The combination of almond flour and Greek yogurt creates a soft texture that closely resembles a traditional bakery muffin. Cinnamon provides natural sweetness and aroma, allowing the recipe to use less sweetener while still delivering satisfying flavor.
Unlike fried donuts, these muffins are baked, reducing excess fat and making them a lighter option. The cinnamon coating adds the familiar donut-shop taste without relying on large amounts of sugar.
These muffins are simple to prepare and can be made ahead for busy mornings. They pair wonderfully with coffee, tea, or a glass of unsweetened almond milk.
While lower in carbohydrates than traditional donut muffins, portion control remains important for blood sugar management.
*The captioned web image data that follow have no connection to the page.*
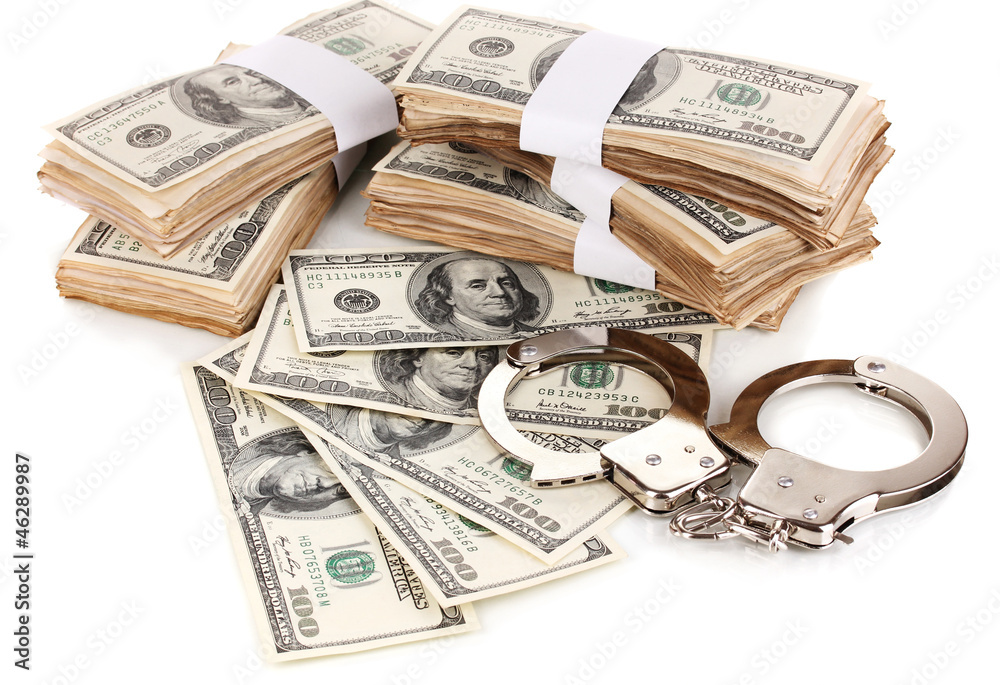Handcuffs and packs of dollars isolated on white Handcuffs and packs of dollars isolated on white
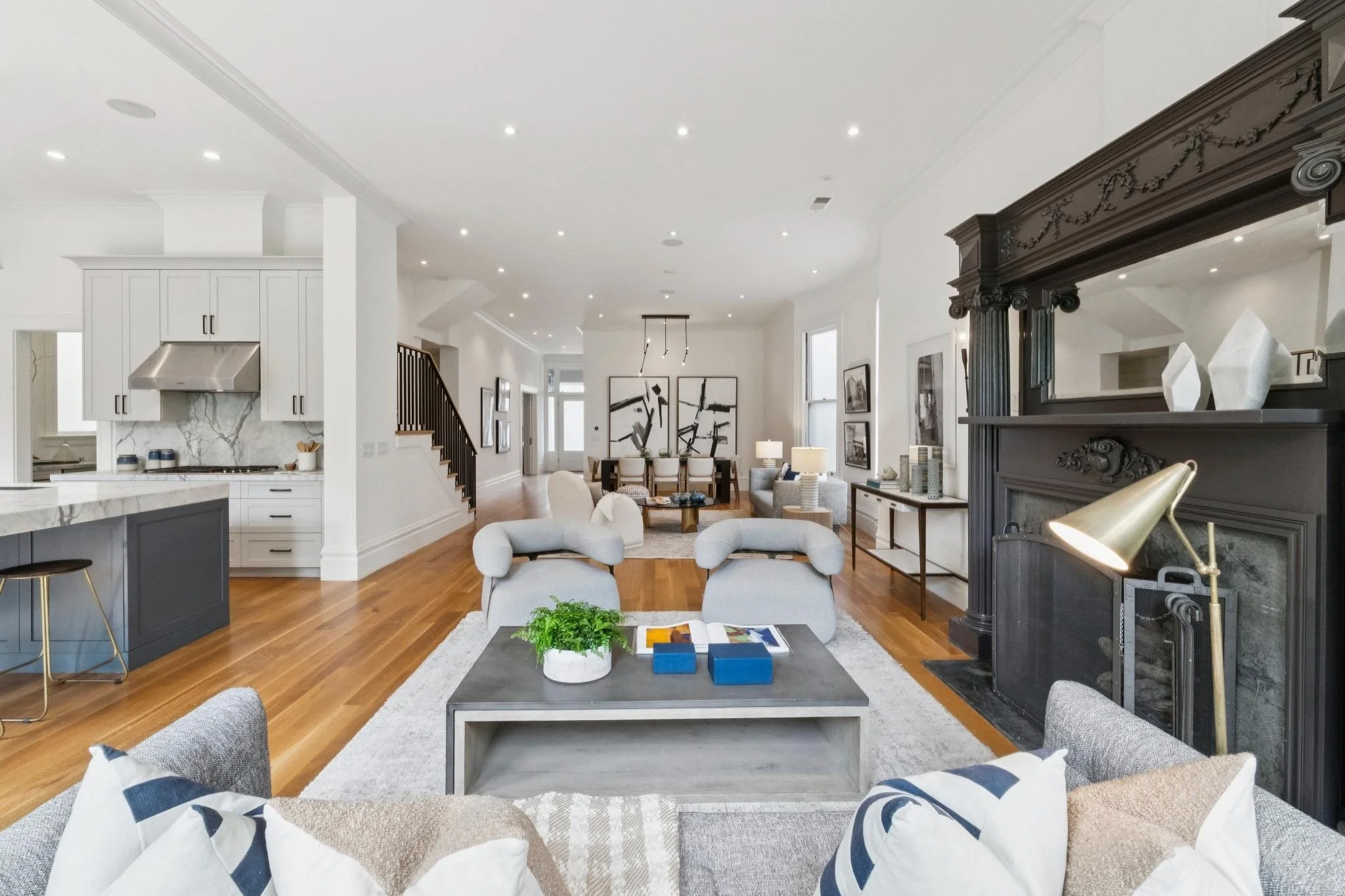 Open-concept living room and kitchen with white walls and ceiling, hardwood floors, modern furniture, and a dark fireplace mantle.
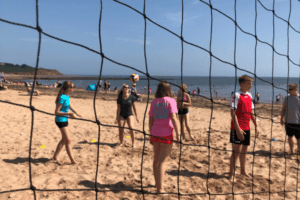 Jugendliche spielen Volleyball am Meer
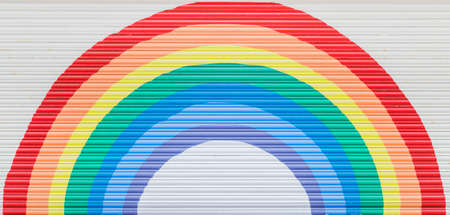 Rainbow motif on the shutters of an amusement arcade seen in Southport in March 2021 during the Covid 19 pandemic.のeditorial素材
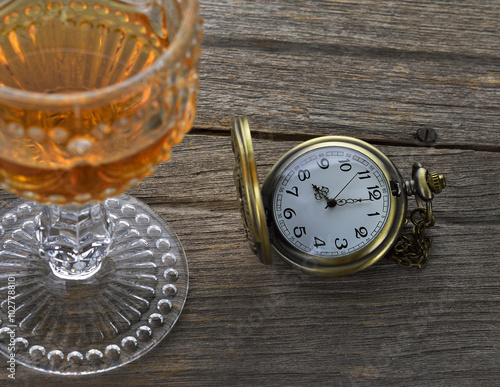 Vintage still life with ancient silver pocket watch on wooden ba photo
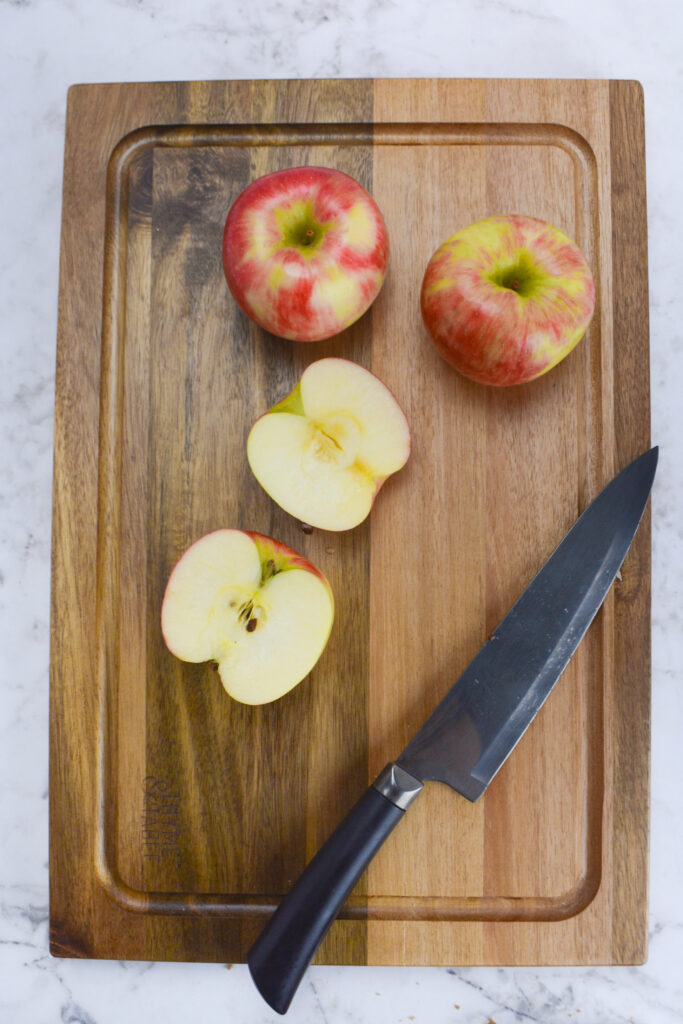 wooden tray with honey crisp and a large knife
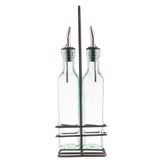 Two clear glass bottles with stainless steel pourers sit side by side in a sturdy metal rack. The rack features a central handle and square base, holding the simple, rectangular bottles upright and ready for use.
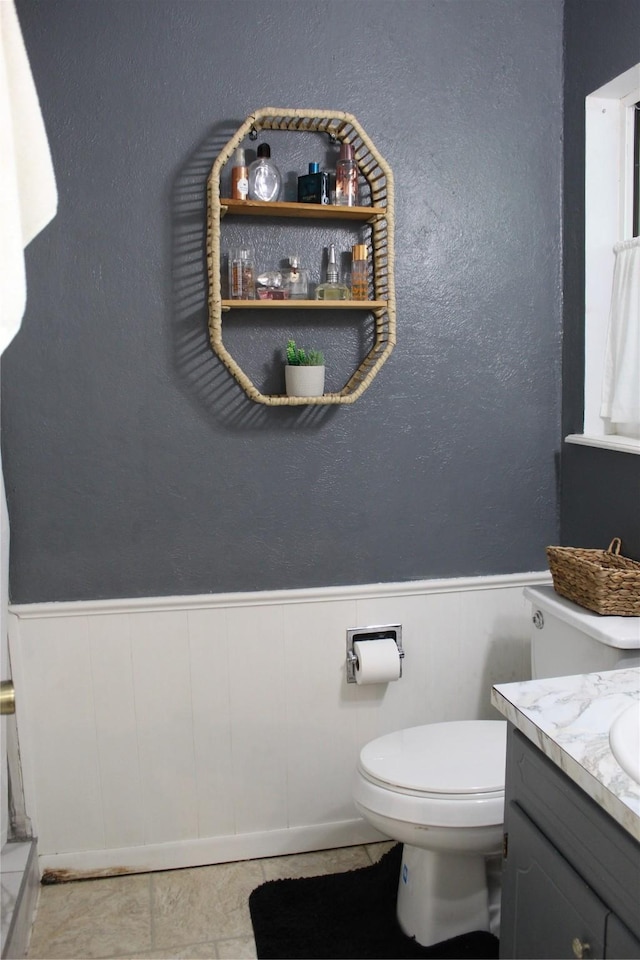 bathroom featuring a wainscoted wall, toilet, and vanity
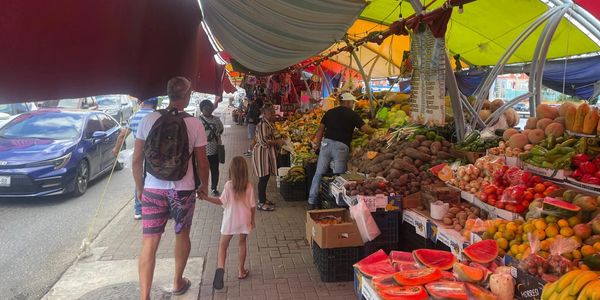 Busy outdoor market with colorful fruit stalls and shoppers walking.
One muffin can fit well into many diabetes-conscious meal plans when enjoyed as part of a balanced diet.
Ingredients
For the Muffins
- 2 cups almond flour
- 1 teaspoon baking powder
- 1 teaspoon ground cinnamon
- ¼ teaspoon salt
- 2 large eggs
- ⅓ cup granulated monk fruit or erythritol sweetener
- ½ cup plain Greek yogurt
- ¼ cup unsalted butter, melted
- 1 teaspoon vanilla extract
Cinnamon Coating
- 2 tablespoons granulated monk fruit sweetener
- 1 teaspoon ground cinnamon
- 1 tablespoon melted butter
Instructions
Step 1: Prepare the Oven
- Preheat oven to 175°C (350°F).
- Grease a 12-cup mini muffin pan or line with paper liners.
Step 2: Mix Dry Ingredients
- In a bowl, whisk together:
- Almond flour
- Baking powder
- Cinnamon
- Salt
Step 3: Mix Wet Ingredients
- In another bowl, whisk eggs until smooth.
- Add sweetener, Greek yogurt, melted butter, and vanilla extract.
- Mix until fully combined.
Step 4: Make the Batter
- Add the dry ingredients to the wet ingredients.
- Stir until a smooth batter forms.
Step 5: Fill the Muffin Pan
- Divide batter evenly among muffin cups.
- Fill each cup about three-quarters full.
Step 6: Bake
- Bake for 15–18 minutes.
- Muffins are done when lightly golden and a toothpick comes out clean.
Step 7: Add the Cinnamon Coating
- Let muffins cool for 5 minutes.
- Brush tops lightly with melted butter.
- Mix cinnamon and sweetener in a small bowl.
- Sprinkle or roll muffin tops in the cinnamon mixture.
Step 8: Serve
- Serve warm or at room temperature.
- Store leftovers in an airtight container.
Nutritional Information
Approximate values per muffin (12 muffins):
| Nutrient | Amount |
|---|---|
| Calories | 115 kcal |
| Protein | 4 g |
| Total Carbohydrates | 5 g |
| Dietary Fiber | 2 g |
| Net Carbohydrates | 3 g |
| Total Fat | 10 g |
| Saturated Fat | 3 g |
| Cholesterol | 35 mg |
| Sodium | 75 mg |
| Sugars | 1 g |
Tips for Success
- Use finely ground almond flour for the best texture.
- For extra flavor, add ¼ teaspoon nutmeg to the batter.
- Do not overbake; almond flour muffins dry out quickly.
- Store in the refrigerator for up to 5 days.
- Freeze for up to 2 months and thaw as needed.
Prep Time: 10 minutes
Bake Time: 15–18 minutes
Total Time: 30 minutes
Yield: 12 mini muffins or 6 regular muffins
These cinnamon donut muffins provide the cozy flavor of a bakery-style donut with fewer carbohydrates and no added sugar, making them a delicious diabetes-friendly treat.